It's not. The HUP states that you cannot have a quantum state that has both a definite position and a definite momentum. In the quantum Zeno effect, you are forcing the particle to stay in a position eigenstate, so its momentum will be totally indefinite. But you may ask, if the position isn't moving then isn't the momentum automatically zero? No. There is Ehrenfest's theorem that states that the expectation value of the momentum is the derivative of the expectation value of position with respect to time (times mass), but this theorem only covers the behavior of expectation values when the quantum state is undergoing unitary time evolution. But if constant position measurements are made of it, then its wavefunction cannot evolve according to the Schrodinger equation at all. That is why a particle can be stationary, but still not have zero momentum. So the HUP is saved!

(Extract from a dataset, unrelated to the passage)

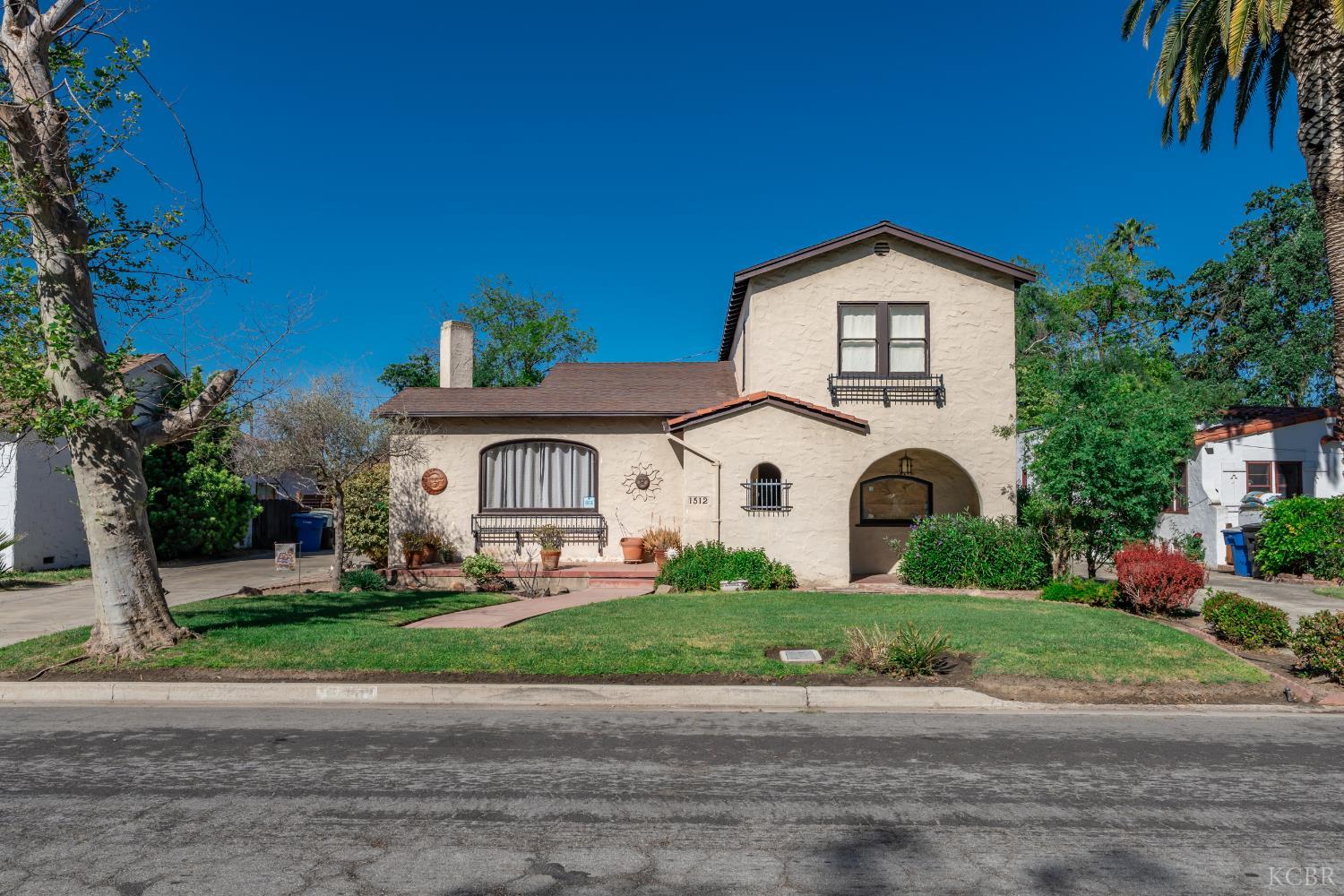 1512 Kaweah St, Hanford, CA 93230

For the record, I think the OP was asking about a different issue, the question of whether human knowledge matters.
EDIT: I just wanted to add that while you shouldn't just naively apply Ehrenfest's theorem to find the expectation value of the momentum, because unitary time evolution is not occurring, it turns out that you happen to get the right answer anyway if you do apply it. That's because, since the position uncertainty is zero, the momentum uncertainty is infinite, so the momentum is equally likely to take any value from negative infinity to infinity, which means that its average value is zero!